> _WORK REQUIRED_
Print the listing below only from the line that has "Pouring soda water" through the line that has "Powder blue round", exactly, and drop any picture.

> _DATASET CONTENT_
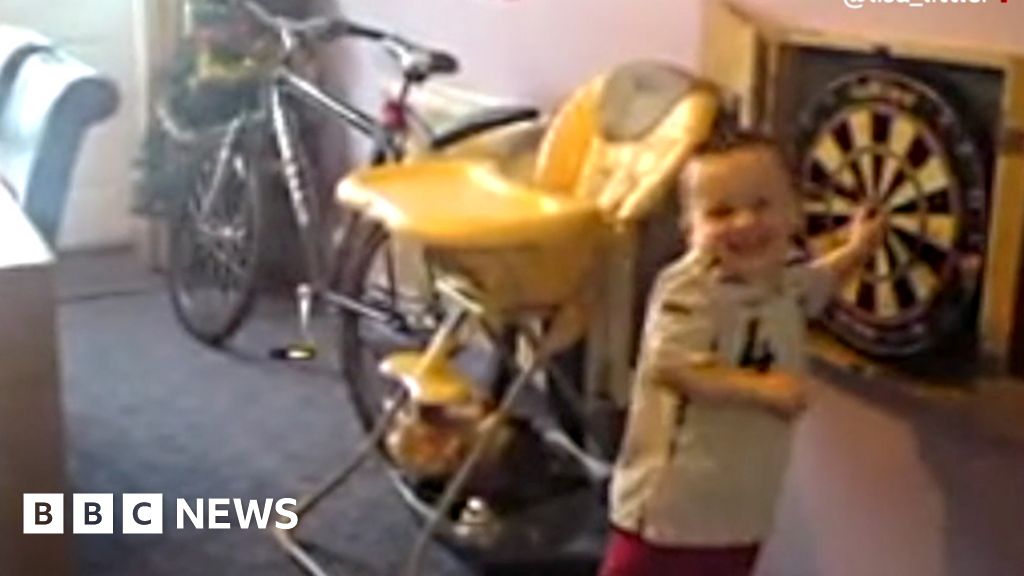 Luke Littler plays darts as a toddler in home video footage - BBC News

==

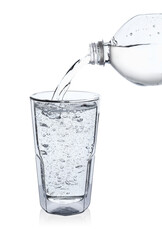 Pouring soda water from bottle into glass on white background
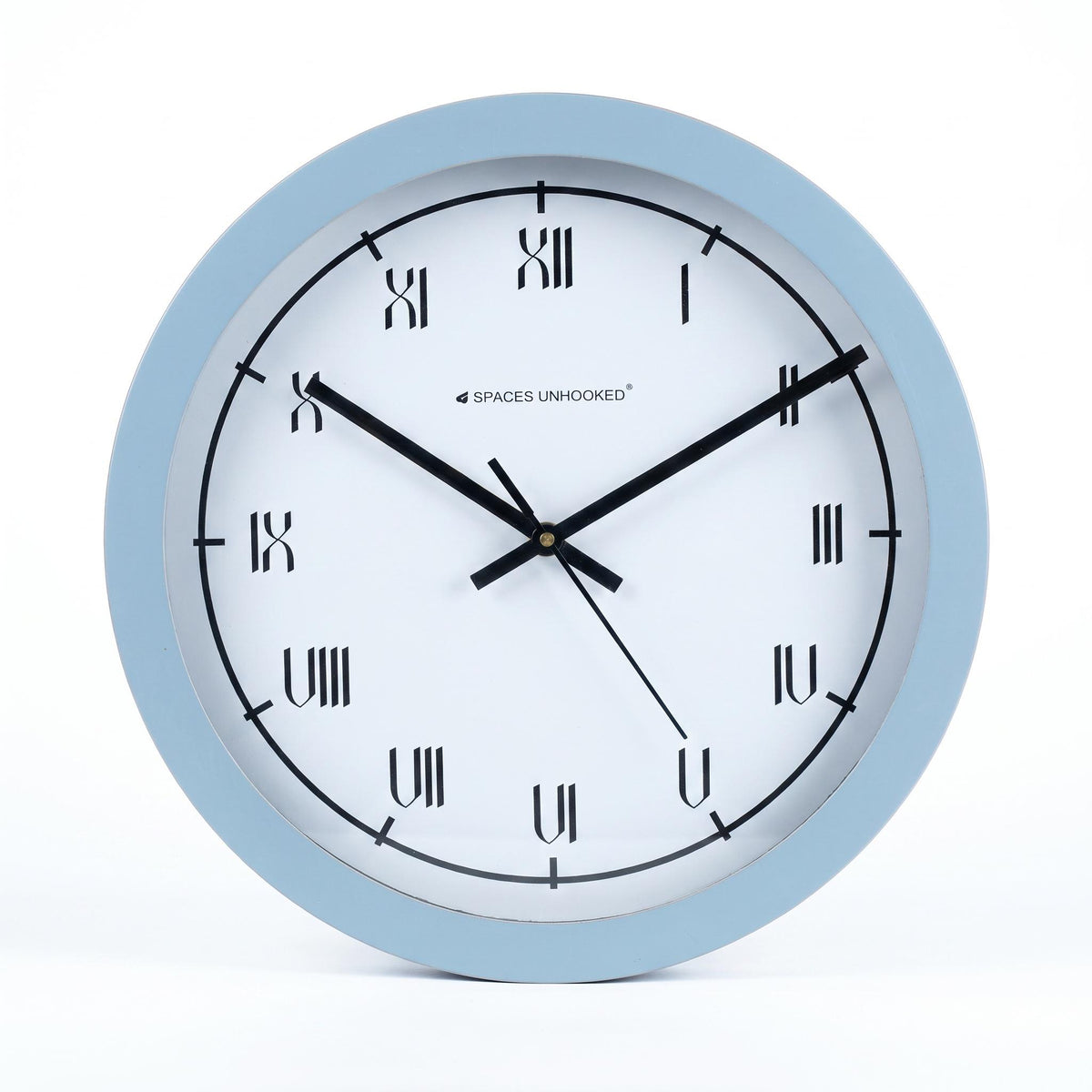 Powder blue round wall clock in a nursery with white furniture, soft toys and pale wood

> _RESULT FOR THIS EXERCISE_
 Pouring soda water from bottle into glass on white background
 Powder blue round wall clock in a nursery with white furniture, soft toys and pale wood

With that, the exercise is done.